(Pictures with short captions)
BEGIN

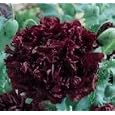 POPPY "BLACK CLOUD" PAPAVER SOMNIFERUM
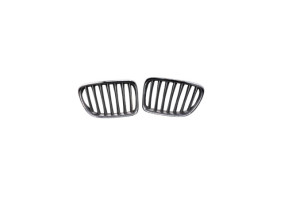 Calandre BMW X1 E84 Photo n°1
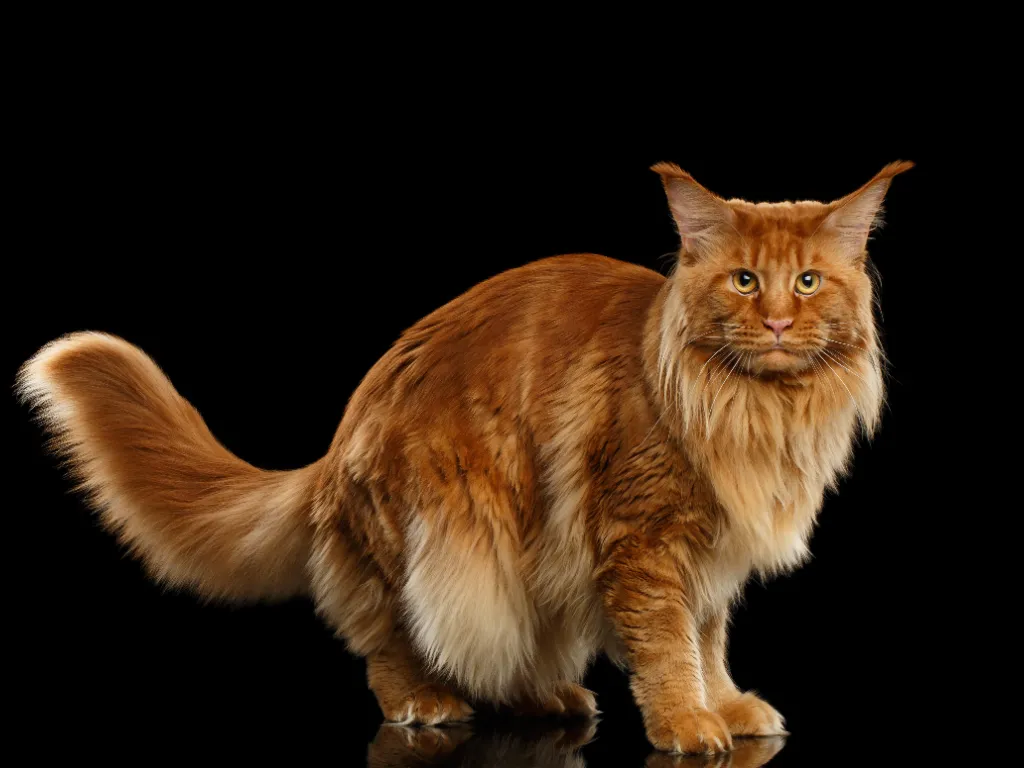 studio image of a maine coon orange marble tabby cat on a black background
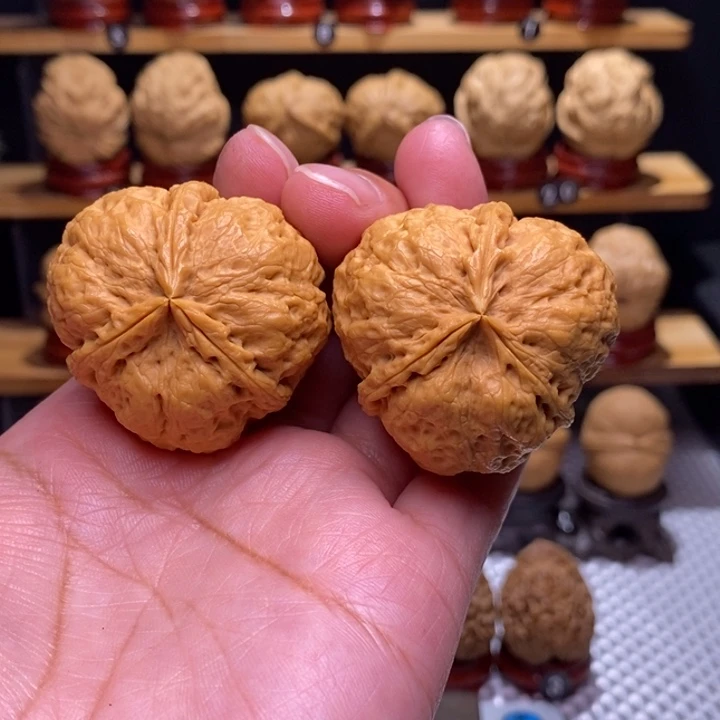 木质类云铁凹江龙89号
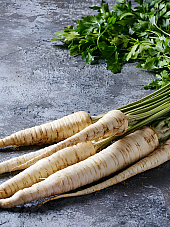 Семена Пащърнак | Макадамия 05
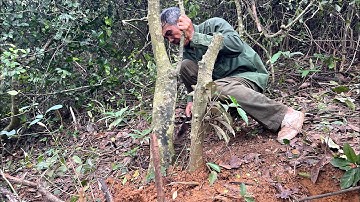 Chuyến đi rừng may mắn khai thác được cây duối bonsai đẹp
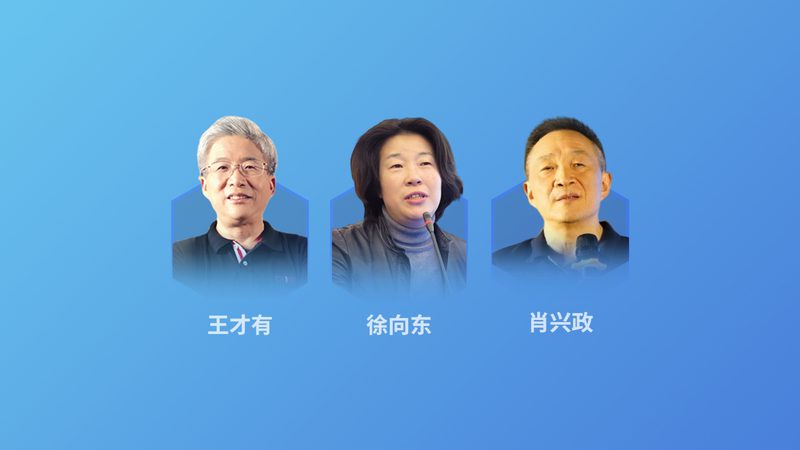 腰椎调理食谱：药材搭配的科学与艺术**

END

# YOUR GOAL
Line by line, write out the records above exactly, skipping the pictures.

# OUTPUT BELOW
 POPPY "BLACK CLOUD" PAPAVER SOMNIFERUM
 Calandre BMW X1 E84 Photo n°1
 studio image of a maine coon orange marble tabby cat on a black background
 木质类云铁凹江龙89号
 Семена Пащърнак | Макадамия 05
 Chuyến đi rừng may mắn khai thác được cây duối bonsai đẹp
 腰椎调理食谱：药材搭配的科学与艺术**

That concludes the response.